AIM OF THE TASK: Would you transcribe the listing that follows word for word, skipping pictures?

DATA BELOW:
★ ★ ★ ★

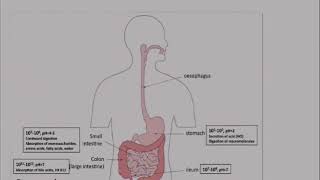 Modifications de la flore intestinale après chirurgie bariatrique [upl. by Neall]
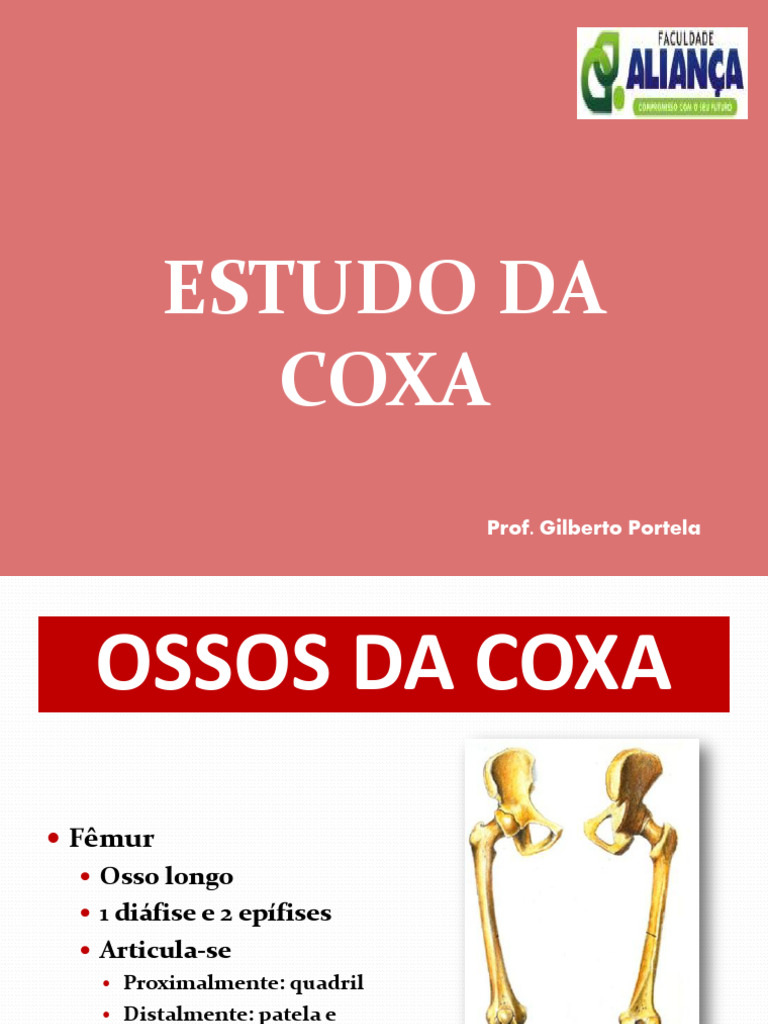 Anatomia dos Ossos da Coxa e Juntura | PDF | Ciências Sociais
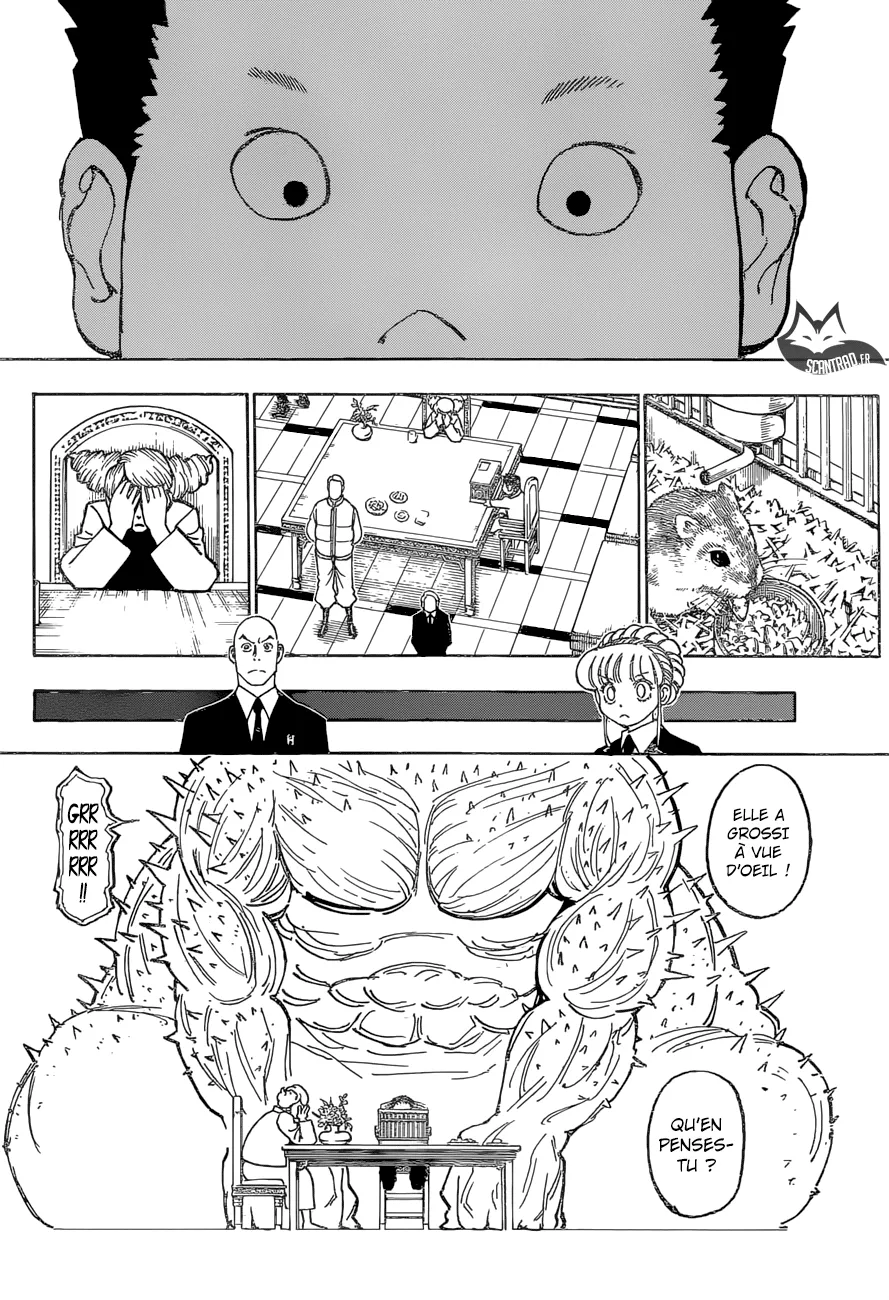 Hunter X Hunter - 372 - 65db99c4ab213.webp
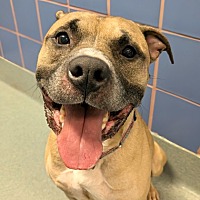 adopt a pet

★ ★ ★ ★

EXERCISE OUTPUT:
 Modifications de la flore intestinale après chirurgie bariatrique [upl. by Neall]
 Anatomia dos Ossos da Coxa e Juntura | PDF | Ciências Sociais
 Hunter X Hunter - 372 - 65db99c4ab213.webp
 adopt a pet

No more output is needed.